### What this task involves
Look below for the line with "NOS -Unworn Vintage"; begin the copy there and stop after the line with "Celeste Clothing - Wholesale", keeping the text exact and the pictures out.

### Input data
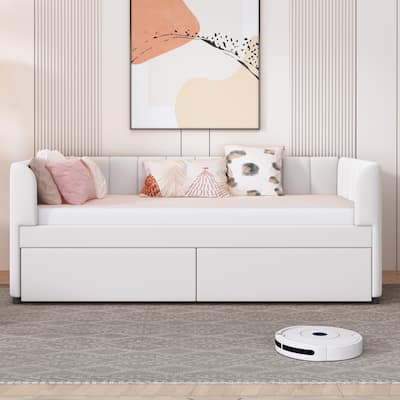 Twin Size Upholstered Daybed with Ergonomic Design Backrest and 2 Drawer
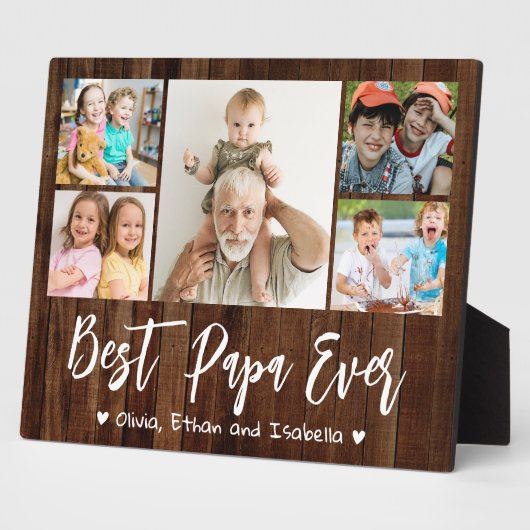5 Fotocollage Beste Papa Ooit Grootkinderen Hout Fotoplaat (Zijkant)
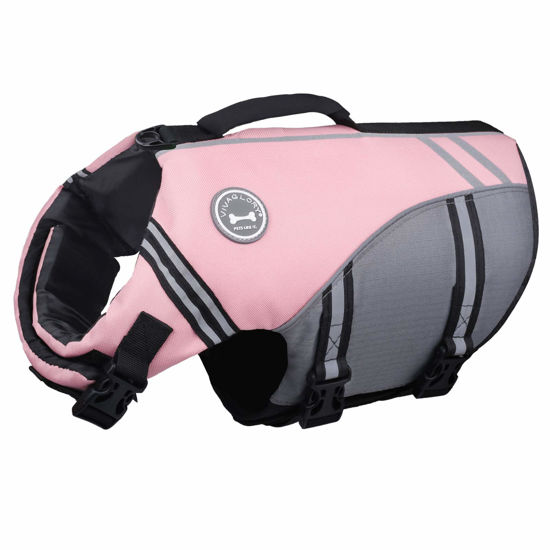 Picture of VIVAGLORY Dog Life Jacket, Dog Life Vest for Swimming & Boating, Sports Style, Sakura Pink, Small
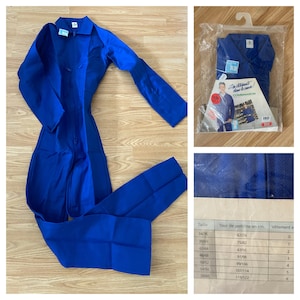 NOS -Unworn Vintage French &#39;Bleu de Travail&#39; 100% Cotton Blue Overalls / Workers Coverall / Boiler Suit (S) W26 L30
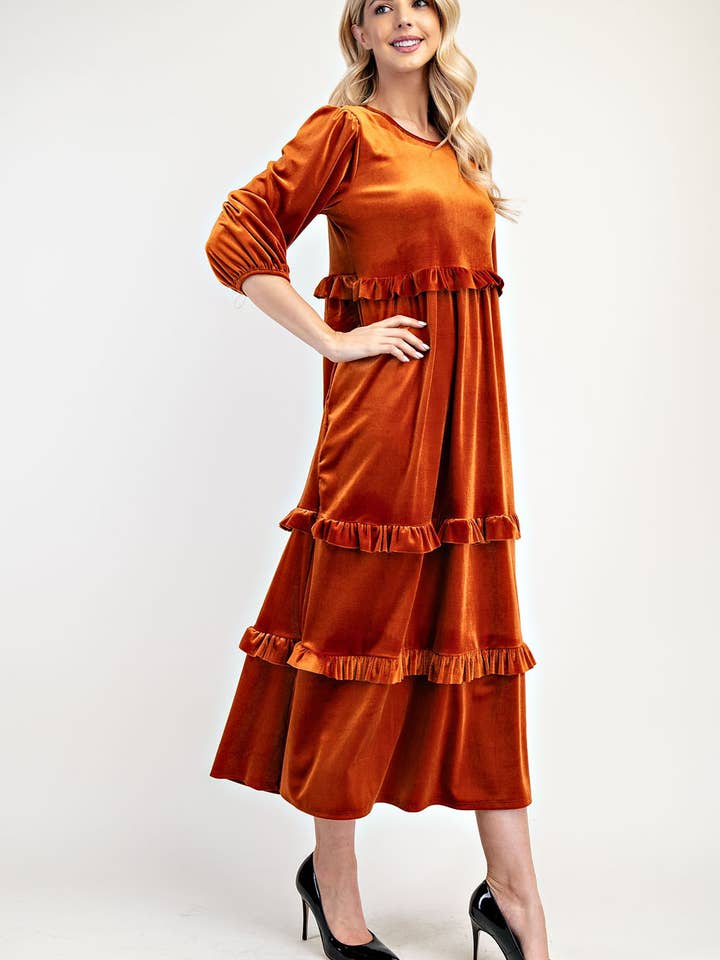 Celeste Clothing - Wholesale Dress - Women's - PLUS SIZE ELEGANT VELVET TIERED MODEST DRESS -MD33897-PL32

...

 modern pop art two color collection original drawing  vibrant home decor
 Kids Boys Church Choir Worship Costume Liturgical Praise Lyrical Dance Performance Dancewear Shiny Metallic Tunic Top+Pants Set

### Solution for this task
 NOS -Unworn Vintage French &#39;Bleu de Travail&#39; 100% Cotton Blue Overalls / Workers Coverall / Boiler Suit (S) W26 L30
 Celeste Clothing - Wholesale Dress - Women's - PLUS SIZE ELEGANT VELVET TIERED MODEST DRESS -MD33897-PL32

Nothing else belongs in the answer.